📝RESUMO DA MATÉRIA
- Nosso estilo de vida moderno, que exalta a conectividade constante com a Internet e atividades o dia todo, conspira para nos manter acordados por muito mais tempo do que é considerado saudável
- A recomendação padrão para adultos é dormir de 7 a 8 horas por noite. Adolescentes precisam de cerca de 9 horas, enquanto crianças em idade escolar podem precisar de mais de 11 horas
- O sono saudável consiste em 5 estágios gerais, cada estágio durando de 5 a 15 minutos, com um ciclo completo (sono leve, profundo e REM) levando entre 90 e 120 minutos. Você percorre esses estágios de 4 a 6 vezes por noite, e esse ciclo é muito importante, tanto do ponto de vista biológico quanto psicológico
- Até agora, foram encontrados 51 marcadores de DNA que parecem influenciar o sono, incluindo marcadores de longa e curta duração do sono, personalidades matutinas e noturnas, insônia e alta ou baixa eficiência do sono
🩺Por Dr. Mercola
Como jornalista médico da BBC no Reino Unido, o Dr. Michael Mosley colocou várias estratégias de saúde diferentes sob a proverbial lupa, incluindo a dieta cetogênica, sobre a qual o entrevistei em 2014.
Nesse programa da BBC, “The Truth About Sleep,” que foi ao ar em 2017, Mosley investiga as ramificações da insônia para a saúde, que é um problema que ele compartilha com muitas outras pessoas no mundo. Nele, ele analisa os perigos da privação do sono e compartilha uma variedade de métodos encontrados para melhorar a qualidade e a quantidade do sono.

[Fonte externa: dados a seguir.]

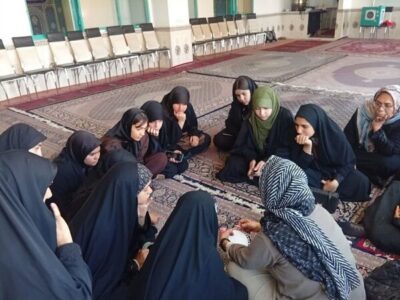برگزاری دوره توانمندسازی و کارآفرینی ویژه بانوان سرپرست خانوار در محله آخماقیه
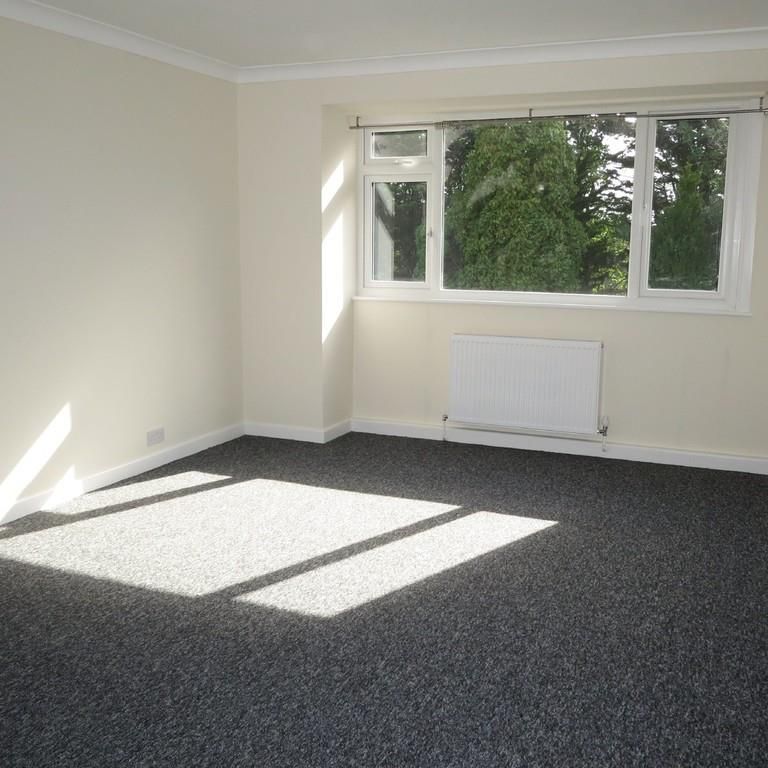 Bournemouth Magnolia House Redhill Drive, BH10, Dorset - Photo 1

Cerca de 70% dos britânicos sentem que dormem menos do que precisam, e cerca de um terço relata sofrer de insônia, diz Mosley. Seu próprio problema tem ligação com permanecer dormindo. Embora ele não tenha problemas para adormecer, ele acorda por volta das 3 da manhã e possui dificuldade em adormecer de novo. “De fato, não estou dormindo o suficiente,” diz ele.
Quanto sono é necessário para a saúde?
Como observado por Mosley, a recomendação padrão para adultos é dormir de 7 a 8 horas por noite. Os adolescentes precisam de cerca de 9 horas, enquanto as crianças em idade escolar podem precisar de mais de 11 horas.
Embora a insônia seja um dos motivos citados para a falta de sono, também existem muitas outras causas, incluindo trabalho em turnos e festas excessivas. Nosso estilo de vida moderno, que exalta a conectividade constante com a Internet e atividades durante todo o dia, conspira para nos manter acordados por muito mais tempo do que seria saudável.
Como você pode saber se está mesmo privado de sono ou se está dormindo a quantidade “certa” para você? Mosley demonstra um teste que pode lhe dar uma pista. É simples. Basta ir para a cama no meio da tarde e cronometrar quanto tempo você leva para adormecer. Para realizar esse teste de latência de início do sono, você só precisa de um relógio, uma colher de metal e uma bandeja de metal.
Coloque a bandeja de metal ao lado de sua cama e deite-se, segurando a colher na mão para que, ao cair, caia na bandeja. Precisa relaxar. Quando você começa a adormecer, os músculos da mão relaxam, fazendo com que a colher caia. O barulho vai te acordar. Olhe para o seu relógio. Quanto tempo você levou para cair fora?
Se demorar mais de 15 minutos, você está dormindo o suficiente. Se você adormecer em menos de 10 minutos, você está privado de sono de maneira moderável. Adormecer em 5 minutos ou menos é indicativo de privação de sono grave.
O que acontece quando você dorme?
O sono não é apenas um estado longo e sólido. O sono saudável consiste em vários estágios,1 cada um com duração de 5 a 15 minutos, com um ciclo completo (movimento ocular leve, profundo e rápido ou sono REM) levando entre 90 e 120 minutos.
Um ciclo de sono completo começa no sono leve e progride até o sono profundo, depois reverte do sono profundo para o leve antes de entrar no REM. Você percorre cada um desses estágios de 4 a 6 vezes durante a noite, e esse ciclo é muito importante, tanto do ponto de vista biológico quanto psicológico.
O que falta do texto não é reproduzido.